Washington and Beijing have also feuded about the popular video-sharing app, TikTok, which is owned by China; the U.S. sees it as a security threat because of the potential to expose sensitive information about American users and the American government. And several U.S. states are weighing legislation that would ban Chinese citizens from buying U.S. real estate and companies, a move critics say could be discriminatory.
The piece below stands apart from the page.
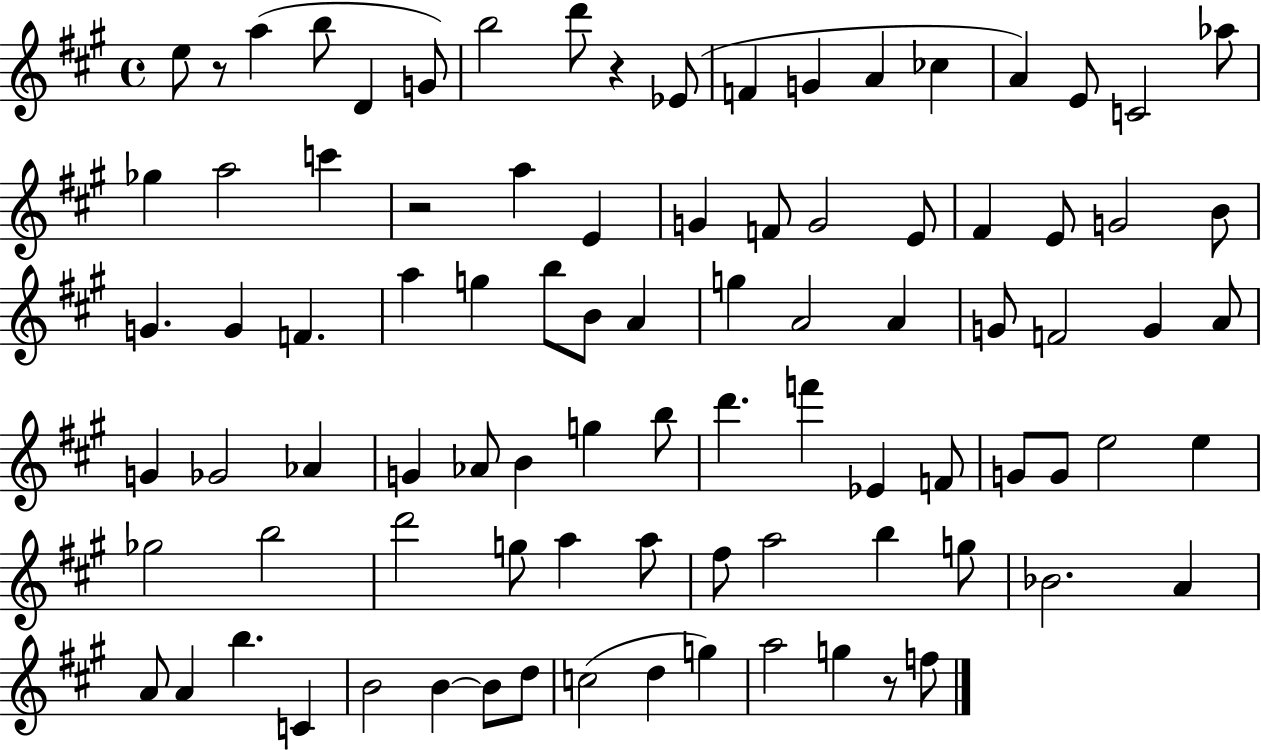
E5/e R/e A5/q B5/e D4/q G4/e B5/h D6/e R/q Eb4/e F4/q G4/q A4/q CES5/q A4/q E4/e C4/h Ab5/e Gb5/q A5/h C6/q R/h A5/q E4/q G4/q F4/e G4/h E4/e F#4/q E4/e G4/h B4/e G4/q. G4/q F4/q. A5/q G5/q B5/e B4/e A4/q G5/q A4/h A4/q G4/e F4/h G4/q A4/e G4/q Gb4/h Ab4/q G4/q Ab4/e B4/q G5/q B5/e D6/q. F6/q Eb4/q F4/e G4/e G4/e E5/h E5/q Gb5/h B5/h D6/h G5/e A5/q A5/e F#5/e A5/h B5/q G5/e Bb4/h. A4/q A4/e A4/q B5/q. C4/q B4/h B4/q B4/e D5/e C5/h D5/q G5/q A5/h G5/q R/e F5/e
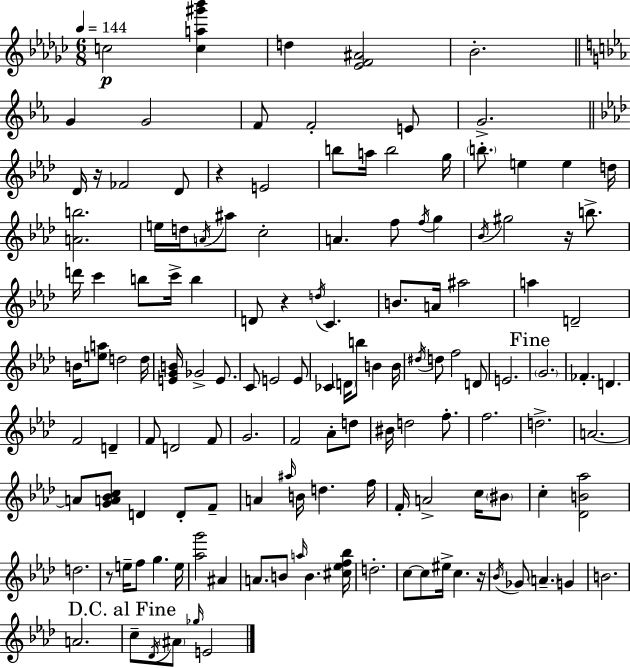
C5/h [C5,A5,G#6,Bb6]/q D5/q [Eb4,F4,A#4]/h Bb4/h. G4/q G4/h F4/e F4/h E4/e G4/h. Db4/s R/s FES4/h Db4/e R/q E4/h B5/e A5/s B5/h G5/s B5/e. E5/q E5/q D5/s [A4,B5]/h. E5/s D5/s A4/s A#5/e C5/h A4/q. F5/e F5/s G5/q Bb4/s G#5/h R/s B5/e. D6/s C6/q B5/e C6/s B5/q D4/e R/q D5/s C4/q. B4/e. A4/s A#5/h A5/q D4/h B4/s [E5,A5]/e D5/h D5/s [E4,G4,B4]/s Gb4/h E4/e. C4/e E4/h E4/e CES4/q D4/s B5/e B4/q B4/s D#5/s D5/e F5/h D4/e E4/h. G4/h. FES4/q. D4/q. F4/h D4/q F4/e D4/h F4/e G4/h. F4/h Ab4/e D5/e BIS4/s D5/h F5/e. F5/h. D5/h. A4/h. A4/e [G4,A4,Bb4,C5]/e D4/q D4/e F4/e A4/q A#5/s B4/s D5/q. F5/s F4/s A4/h C5/s BIS4/e C5/q [Db4,B4,Ab5]/h D5/h. R/e E5/s F5/e G5/q. E5/s [Ab5,G6]/h A#4/q A4/e. B4/e A5/s B4/q. [C#5,Eb5,F5,Bb5]/s D5/h. C5/e C5/e EIS5/s C5/q. R/s Bb4/s Gb4/e A4/q. G4/q B4/h. A4/h. C5/e Db4/s A#4/e Gb5/s E4/h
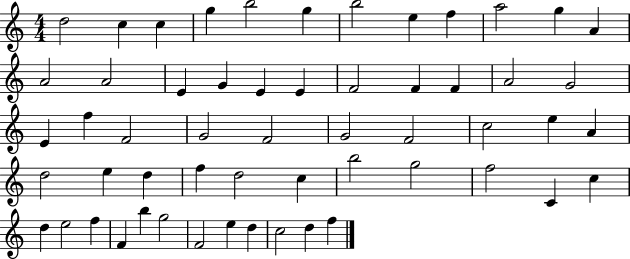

"We’re coming to Beijing with a realistic, confident approach and a sincere desire to manage our competition the most responsible way possible. We do hope at a minimum that we will achieve that goal, and we also do hope of course to make progress on a number of concrete issues,” Daniel Kritenbrink, assistant secretary of state for East Asian and Pacific affairs, told reporters before Blinken's trip. "It would be wise not to have expectations of a long list of deliverables because that’s not where we are, I think, in the bilateral relationship."

In one sign of how strained U.S.-China relations have gotten in recent years, though the COVID pandemic has also played a role, there are just 350 American students studying in China, down from 15,000 a decade ago, according to State Department figures. About 300,000 Chinese nationals are enrolled in higher education courses at U.S. colleges and China remains the top source of international students in the U.S., but these numbers too have been falling sharply in recent years, according to U.S. Embassy and Consulate figures.

What's it going to take to improve U.S.-China relations?

Yet some American and Chinese experts, and at least one official, say that more, not less, civilian-to-civilian contact in the form of student exchanges, cultural link-ups and business cooperation is precisely what's needed to put relations between the two economic, technological and military superpowers on a better footing, and for them to thrive ? not just relatively brief high-level contact between diplomats.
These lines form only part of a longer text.